→ **Task directions**: Repeat everything in the listing exactly, except for the images.

→ **Data excerpt**:
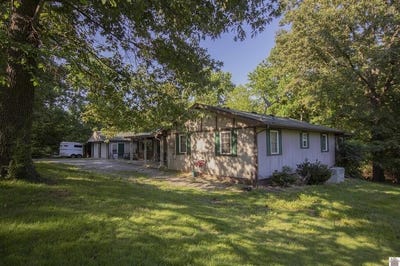 /international/us/72-holt-road-kuttawa-ky-110119297503/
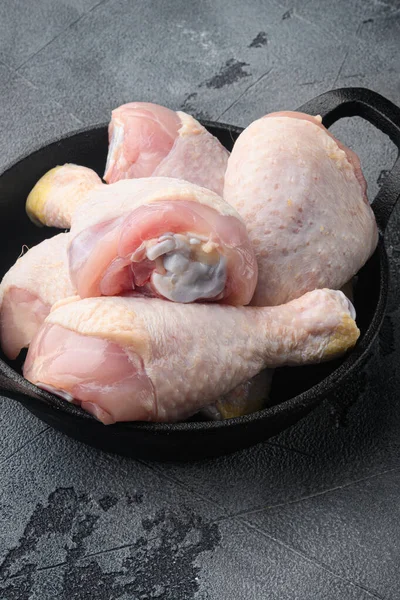 Ayam Yang Belum Dimasak Thigh Atau Kaki Stik Drum Diatur — Stok Foto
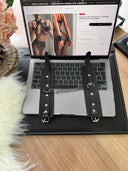 Siyah Altın Zincirli Deri El Kelepçesi – Ayarlanabilir Fantazi Aksesuarı & Gizli Gönderim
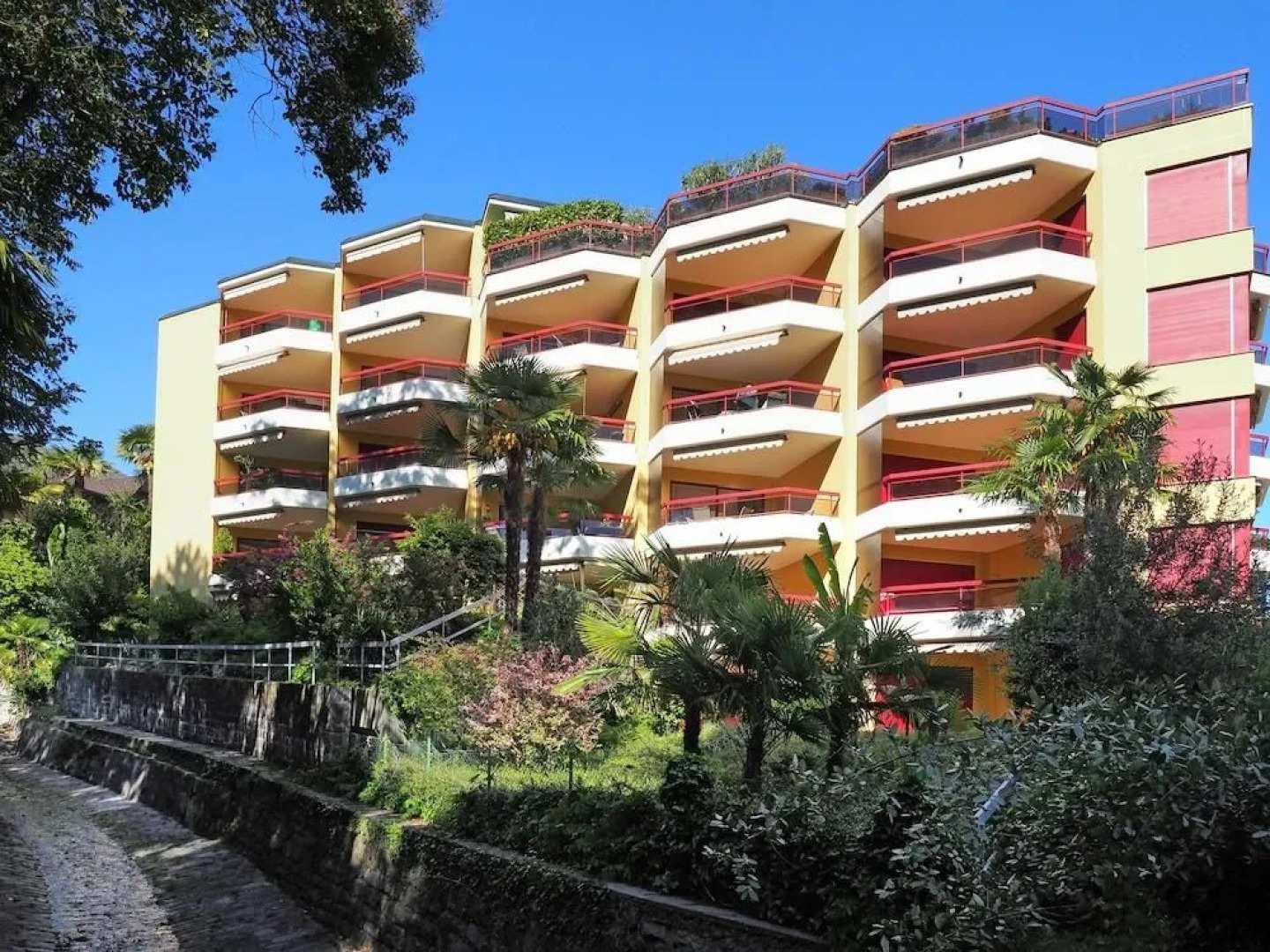 APART HOLIDAYS Residenza Flora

→ **Answer to the problem**:
 /international/us/72-holt-road-kuttawa-ky-110119297503/
 Ayam Yang Belum Dimasak Thigh Atau Kaki Stik Drum Diatur — Stok Foto
 Siyah Altın Zincirli Deri El Kelepçesi – Ayarlanabilir Fantazi Aksesuarı & Gizli Gönderim
 APART HOLIDAYS Residenza Flora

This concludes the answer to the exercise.